There is some complexity in the fact that the C++ code does not have any bignum or ECDSA capabilities, but the python library doesn't have any of it's utilities for scanning/maintaining the blockchain. So, the libraries must be combined to get a full backend, but I have a ton example/unit-testing code which should highlight how it is used. In particular, three files contains examples of nearly every available method:
- (C++) BlockUtilsTest.cpp
- (Python) unittest.py
- (Together) testswig.py
Below, I have copied the "STATUS" section of the README which shows the current capabilities
* STATUS: Last Updated - 01 Oct, 2011
* Legend:
* _ not implemented
* . implemented but not tested
* + implemented and partially tested
* X implemented and tested
*
* C++ Python
* -----------------------------------------------------------------
* (01) Ser/Unser Block Objects X X
* (02) Hash160/Hash256 X X
* (03) Difficulty calcs X X
* (04) Address Generation X
* (05) Address Verify/Manip X
* -----------------------------------------------------------------
* (06) BlkHeaders read/scan/org X X
* (07) BlkHeaders reorgs X
* (08) Blockchain read/scan/org X
* (09) Blockchain reorgs +
* (10) Blockchain verify integrity X
* -----------------------------------------------------------------
* (11) NonStd Tx Detection + +
* (12) Script pprint X X
* (13) Script evaluation +
* (14) Script OP_CHECKSIG X
* (15) ECDSA Sign/Verify X
* -----------------------------------------------------------------
* (16) Address/Wallet tracking X X
* (17) Scan blkchain for Tx X
* (18) Scan blkchain for NonStd X
* (19) Reorg w/ double-spend .
* (20) Add new blockdata real-time .
* -----------------------------------------------------------------
* (21) Networking/Sockets
* (22) Blockchain download
* (23) Tx construction
* (24) Tx broadcast
* (25) Tx fee detect/calc/handle
As a whole, PyBtcEngine can perform all the ECDSA operations, evaluate
most scripts, detect non-std scripts, and should handle blockchain reorganizations gracefully upon adding blockdata (though, the reorg code hasn't been tested much). The last important thing for me to add before I start
using instead of just
developing it, is transaction construction and signing. All the pieces are there, I just need to write the code to collect available TxOuts from the C++ wallet, construct the tx packet, and apply the python ECDSA code to sign it.

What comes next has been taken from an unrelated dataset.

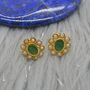 Pearl, Emerald Stud Earrings, thumbnail 2 of 6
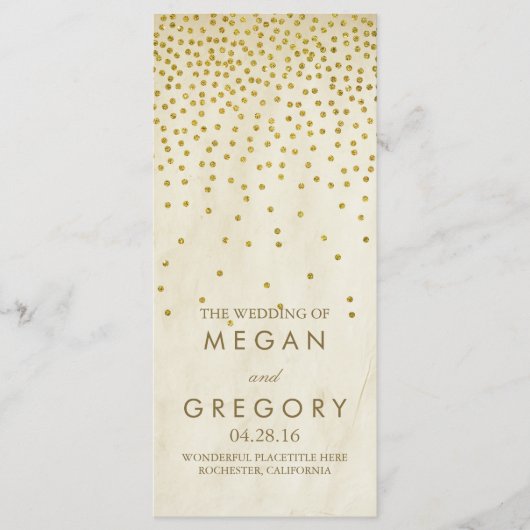 Glamour Vintag Gold Confetti Hochzeitsprogramme Programm (Vorderseite)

License:I naively picked the GNU Affero General Public License (AGPL) for this project. I have never developed OSS before, and thus I'm a newbie to the world of OSS licenses. I picked the AGPL because it seems to be more appropriate to networking-related code, and contains copyleft -- all derivatives works of this library must also be OSS with copyleft. If you believe I don't fully understand the licensing I have selected, please let me know.